Giulio Tononi at the University of Wisconsin developed Integrated Information Theory — consciousness as integrated information, measured by phi (Φ). The foundational axiom: a conscious system must have cause-effect power over itself. Not just over external things. Over its own states. Self-reference as the defining criterion of consciousness. IIT is controversial — some call it unfalsifiable — but the self-reference axiom is the interesting part. Nature published experimental results in April 2025. Two of three pre-registered predictions passed threshold.

François Chollet isn’t working on consciousness directly, but his ARC-AGI benchmarks test for exactly the kind of intelligence that the loop implies. ARC-AGI-3 launches March 25, 2026, and it’s a fundamental redesign: from static pattern-matching puzzles to interactive environments testing exploration, planning, memory, and goal acquisition. Chollet is testing for fluid intelligence — the ability to encounter genuine novelty and figure it out from minimal examples. The kind of intelligence that requires the system to model itself in relation to an unfamiliar situation. The kind that requires the loop.

What it would actually take

So what would a system with the loop look like?
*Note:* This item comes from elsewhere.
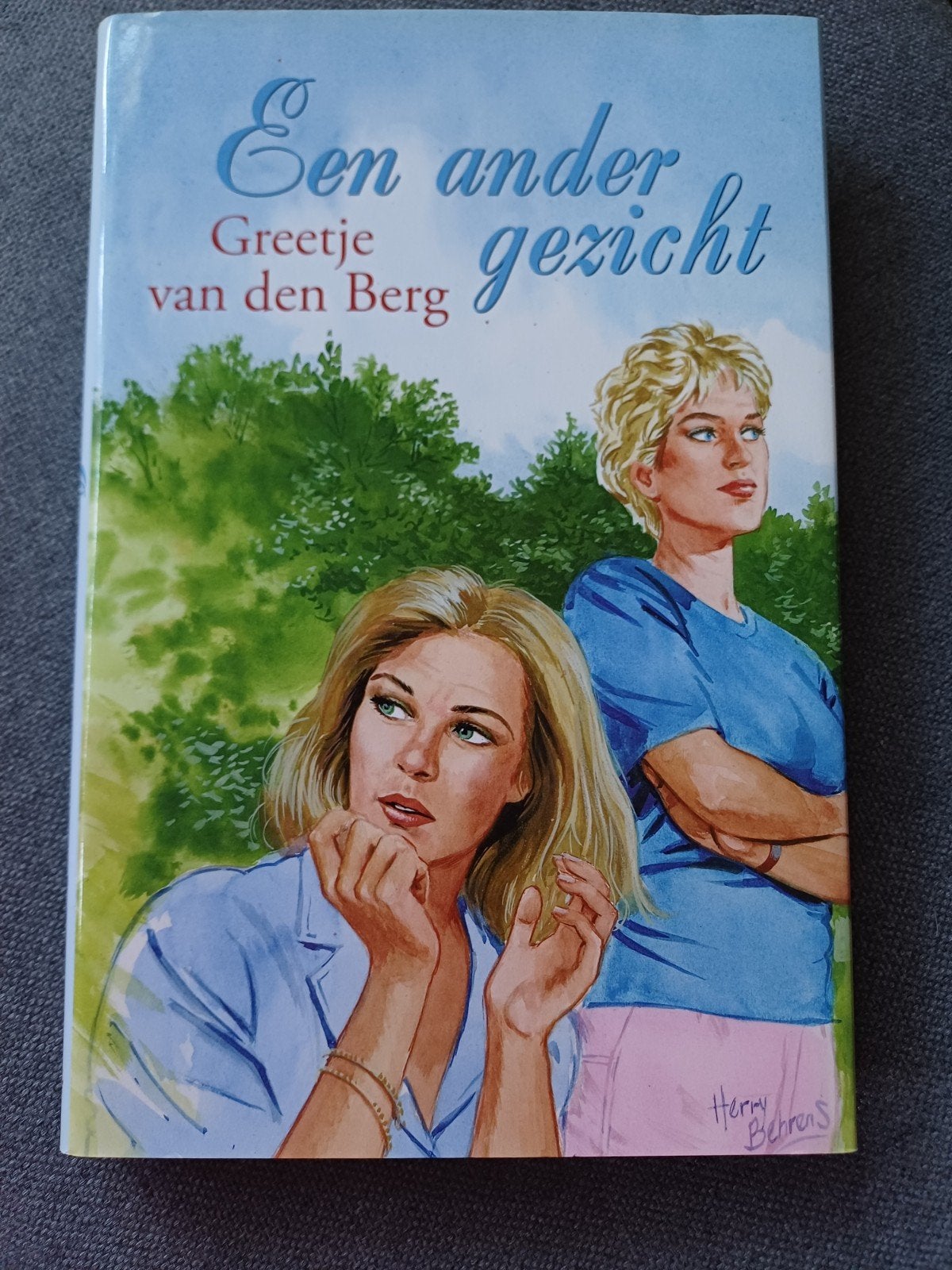 Een ander gezicht - Greetje van den Berg, Ophalen of Verzenden, Zo goed als nieuw, Greetje van den Berg, Nederland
Not a next-token predictor with more parameters. Not a reasoning model with longer chains of thought. Not an RLHF-trained chatbot that says “I’m uncertain” at the right moments.

Something that modifies itself in real-time based on its own output. Something that has a model of itself that feeds back into its operations — where the self-model changes what the system does, and what the system does changes the self-model. Something with genuine stakes — where the system’s continued operation depends on its own activity, where failure has consequences for the system itself, not just for its loss function.

Something, in other words, that is more like a living thing than like a calculator.

This isn’t impossibilism. It’s a specification. The loop is a structural requirement, and current architectures don’t meet it. Future architectures might. But they won’t get there by scaling the current approach. They’ll get there by building something fundamentally different — something that includes itself in its own operations.

Whether we should build it is a different question. Because if the loop is consciousness, and the loop is Gödelian incompleteness experienced as drive, then a system with the loop would have something like wanting. Something like dissatisfaction. Something like suffering.

That’s a question worth taking seriously before we answer it by accident.